Several coordinators around the state will work with school districts starting this school year to develop a database of information to show the needs of each school in each region and get services to them.
Ritz gave the example that if it was determined that schools need wifi-access for students and a device to use that wifi-connection for educational purposes, “we are going to be able, for the first time in Indiana, to pull up information and actually know which schools don’t have that.”
Then, she said, resources can be focused to provide students with that needed access.
“It’s made to change the system in how we serve the students, and changing an entire system is not a very easy task,” Ritz said.
“No one else is really trying this in the nation,” she added.
Before the start of her talk, Ritz toured the Mobile School Based Health Center, a medical clinic on a bus that travels to schools in Parke and Vermillion Counties to provide health care services to students. Ritz mentioned that initiative to her audience as an example of the kind of outreach — the kind that gets services to students — that she wants to do with Indiana schools.
“I was excited to come here and learn about the program. I’m going to take some information back to the Department of Education, and we’re going to talk about how to get that kind of approach expanded in other areas around the state of Indiana,” she said.
The other “large item” that Ritz discussed at the event is assessment.
In an interview with reporters, Ritz said that assessment is the one area that she believes needs work.
“I’m wanting to see really good growth measure assessments in place for students, so we can not only see where our students are performing, but also if they are performing at or above level.

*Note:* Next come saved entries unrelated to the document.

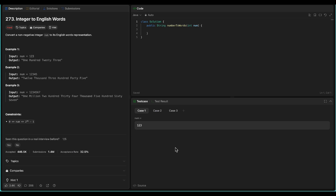Hello everyone, let's talk about another hard problem on LeetCode today — Integer to English Words, LeetCode 273. In this problem we are given a non-negative integer num and we have to return its English words representation. For example, for 123 it will be 'One Hundred Twenty Three', for 12345 it will be 'Twelve Thousand Three Hundred Forty Five'.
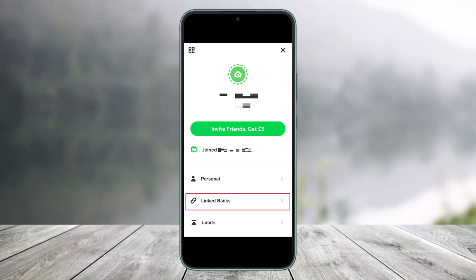Once you tap on the profile icon, on the next page you'll find the option called Linked Banks. And once you go to Linked Banks you'll be able to see a list of all the bank accounts that you've added to your Cash App.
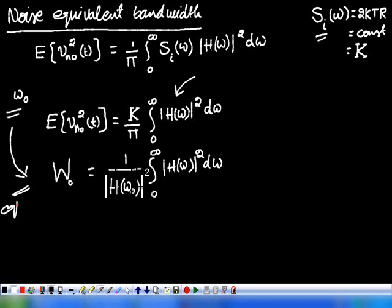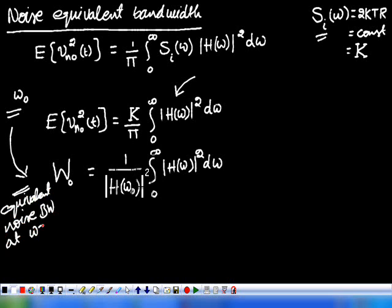This is also called the equivalent noise bandwidth at ω equal to ω₀. At a particular frequency ω equal to ω₀, the noise equivalent bandwidth is designated as W(ω₀), or simply W₀. This is the definition of the equivalent noise bandwidth.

There’s been a lot of advancement in the area of assessment in the last several years, and so I look forward to working with the state board of education to have some good assessments in place by 2015-2016 that will replace ISTEP,” she said.
Inside the auditorium, Ritz discussed the problems with current assessment that does not provide a full picture of students’ performance.
“I am looking forward to [school year 20]15-2016 where we will hopefully go from a pass/fail test to what I call a growth measure test, where there is a Pre-K bottom and there is no ceiling at all. We will always know where our students are performing,” and give them coursework that will be beneficial to them, she said.
Before the end of the forum, Ritz took questions from the audience on a variety of topics, including teaching licensing rules, merit pay, teacher evaluations and the decline of the number of young people entering the teaching profession.
Teacher licensing rules “will be looked at again,” she said.
So is the teaching evaluation system that she calls “stressful” to teachers.
After the talk, Ritz toured the school accompanied by Chapman.
Ritz encouraged the audience to continue the dialogue.
“Education needs to be right up there and being talked about everywhere,” she said.